Creating optimal craft beer and food pairings is a question people often ask craft brewers. I mean, who wouldn’t want to have the perfect meal paired with the perfect beer? While some pairings are definitely easier than others–pretty much anything goes with a burger, something light and crisp with tacos and nachos–other dishes and flavor combinations can pose a challenge.

That’s why we recommend going beyond flavor, to target content. As Adam Dulye at Craft Beer reminds us, we can better match beers beyond just typical flavors and tackle the culinary components instead: fats, sugars, and vinegar/acids.

1. Fats:

Every dish tastes better with a little fat: the oils in French fries, the butter in your eggs. That fat protects the tongue from intense beers, such as ones with a high ABV content, or  barrel-aged beers with dramatic flavor. The lighter the fat–such as vegetable-based oils–the lighter beer you can (and should) pair.

2. Sugars:

Sugars enhance dishes by magnifying sour or bitter notes, while doing the same to savory flavors. That’s why honey barbecue tastes so good: you get the smokey barbecue taste with a little sweetness that doesn’t overpower that deep, rich flavor.
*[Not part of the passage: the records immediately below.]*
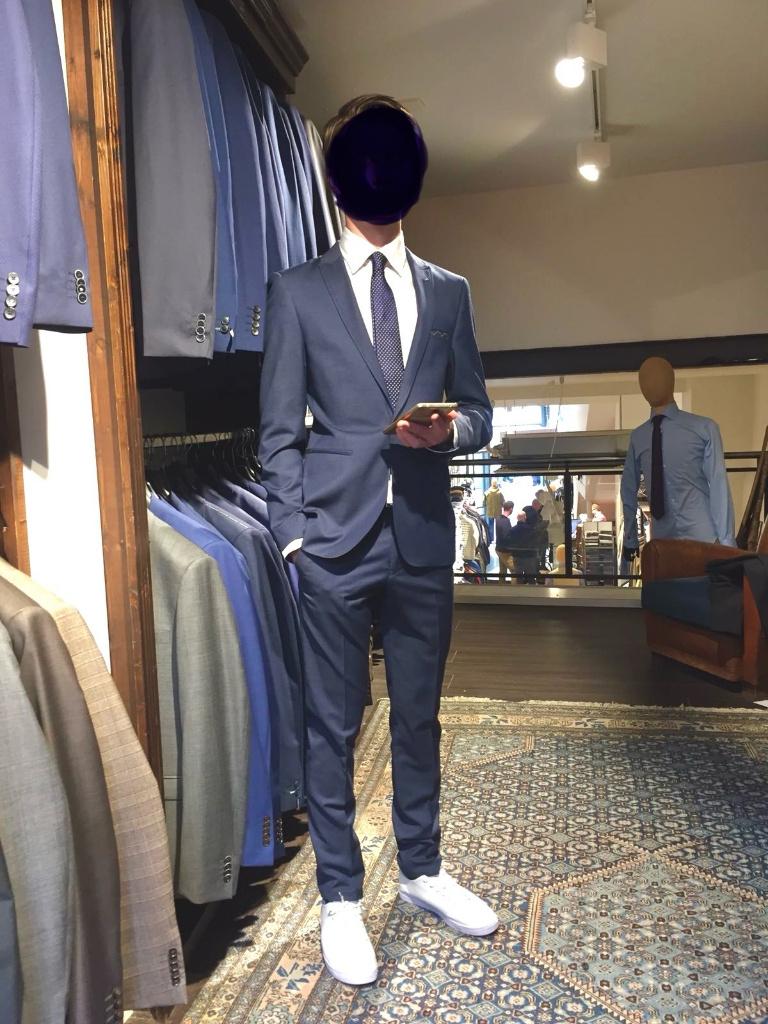 Pak blauw heren Suitable maat 46 S - goed voor gala, Zwart, Ophalen of Verzenden, Maat 46 (S) of kleiner, Suitable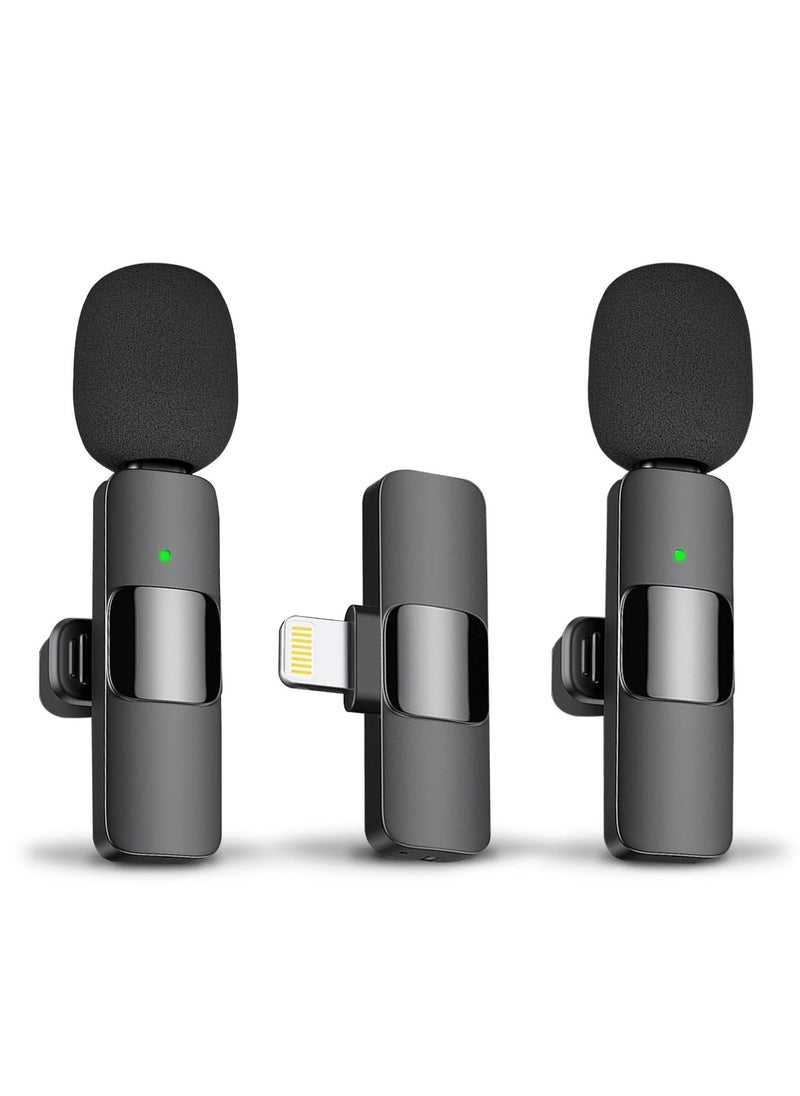 Generic Wireless Lavalier Microphone for iPhone/iPad, Plug-and-Play Mini Lapel Microphone for Recordings, Live Streaming, YouTube, Facebook, TikTok, Vlog（iOS 2Mic）  - Image 1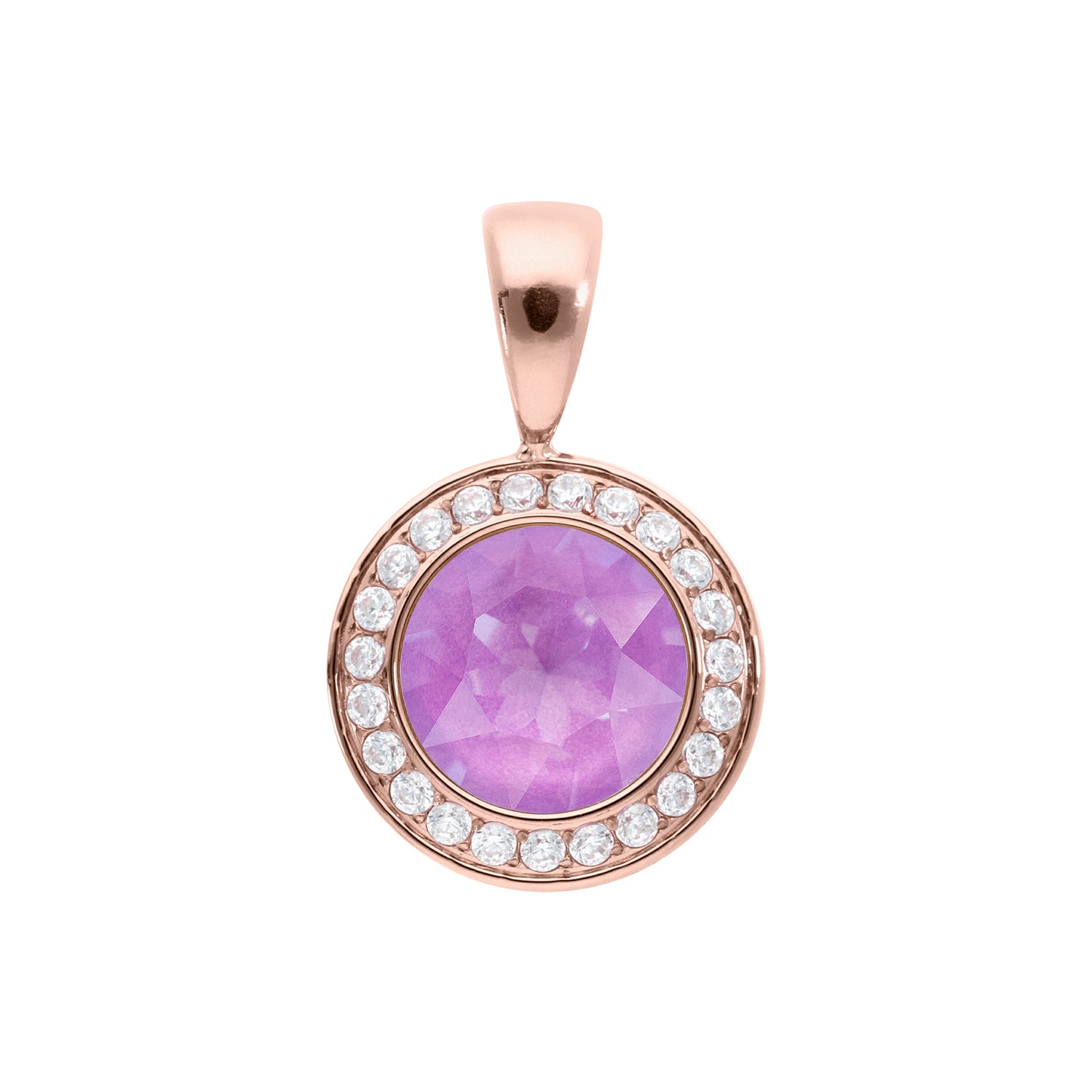 Tondo Deluxe Pendant 0.51" - Rose Gold Crystal Electric Violet Ignite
A hoppy beer is a great way to cut the sweetness in a dessert, like carrot cake, because it downplays the sweet profile, but brings out the carrot nicely.

3. Vinegar/acids:

Vinegars are great palette cleansers and are added to dishes to break up heavy components by giving your tongue a lighter note. And because vinegars and acids fall on the roof and sides of your mouth and tongue, Brewmasters recommend hoppy beers since they settle nicely with all the flavors and sensations playing around together. That’s why a Vietnamese banh mi sandwich with delicious pickled vegetables tastes so good with an IPA, and why dishes with hot sauces get a nice kick with a pale ale.